Saved data entries:

━━━

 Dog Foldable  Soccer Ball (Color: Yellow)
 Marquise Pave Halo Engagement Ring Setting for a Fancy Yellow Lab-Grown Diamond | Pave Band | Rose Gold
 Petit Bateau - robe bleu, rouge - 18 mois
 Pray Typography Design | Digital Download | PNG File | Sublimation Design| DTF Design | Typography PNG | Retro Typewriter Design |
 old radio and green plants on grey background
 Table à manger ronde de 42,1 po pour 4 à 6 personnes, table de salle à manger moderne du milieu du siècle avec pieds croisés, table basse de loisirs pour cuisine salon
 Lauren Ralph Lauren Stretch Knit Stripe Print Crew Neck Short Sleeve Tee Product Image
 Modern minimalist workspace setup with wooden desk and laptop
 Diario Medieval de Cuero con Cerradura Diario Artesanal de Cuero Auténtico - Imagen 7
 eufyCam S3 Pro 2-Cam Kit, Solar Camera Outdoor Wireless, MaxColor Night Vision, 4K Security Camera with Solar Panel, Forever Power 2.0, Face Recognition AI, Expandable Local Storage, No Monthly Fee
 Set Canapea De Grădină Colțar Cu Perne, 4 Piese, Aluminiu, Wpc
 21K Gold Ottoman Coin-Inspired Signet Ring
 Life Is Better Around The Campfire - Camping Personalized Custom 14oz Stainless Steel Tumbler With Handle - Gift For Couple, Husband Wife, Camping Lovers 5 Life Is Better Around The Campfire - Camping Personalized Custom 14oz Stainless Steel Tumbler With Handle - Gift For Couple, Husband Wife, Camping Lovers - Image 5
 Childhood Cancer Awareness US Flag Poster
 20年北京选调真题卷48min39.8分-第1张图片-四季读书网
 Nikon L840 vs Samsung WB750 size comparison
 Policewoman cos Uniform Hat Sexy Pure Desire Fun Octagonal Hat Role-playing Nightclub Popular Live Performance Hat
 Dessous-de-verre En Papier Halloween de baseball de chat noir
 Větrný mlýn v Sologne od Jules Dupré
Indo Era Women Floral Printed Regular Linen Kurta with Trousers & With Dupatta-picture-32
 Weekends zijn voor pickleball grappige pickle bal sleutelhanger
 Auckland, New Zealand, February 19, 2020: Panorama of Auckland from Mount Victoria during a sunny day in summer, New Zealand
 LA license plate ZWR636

━━━

Description of the task >> An exact copy of the lines from the one with "Lovers - Image 5" through the final line of the entries is the whole answer.

Response to this task >>
 Life Is Better Around The Campfire - Camping Personalized Custom 14oz Stainless Steel Tumbler With Handle - Gift For Couple, Husband Wife, Camping Lovers 5 Life Is Better Around The Campfire - Camping Personalized Custom 14oz Stainless Steel Tumbler With Handle - Gift For Couple, Husband Wife, Camping Lovers - Image 5
 Childhood Cancer Awareness US Flag Poster
 20年北京选调真题卷48min39.8分-第1张图片-四季读书网
 Nikon L840 vs Samsung WB750 size comparison
 Policewoman cos Uniform Hat Sexy Pure Desire Fun Octagonal Hat Role-playing Nightclub Popular Live Performance Hat
 Dessous-de-verre En Papier Halloween de baseball de chat noir
 Větrný mlýn v Sologne od Jules Dupré
Indo Era Women Floral Printed Regular Linen Kurta with Trousers & With Dupatta-picture-32
 Weekends zijn voor pickleball grappige pickle bal sleutelhanger
 Auckland, New Zealand, February 19, 2020: Panorama of Auckland from Mount Victoria during a sunny day in summer, New Zealand
 LA license plate ZWR636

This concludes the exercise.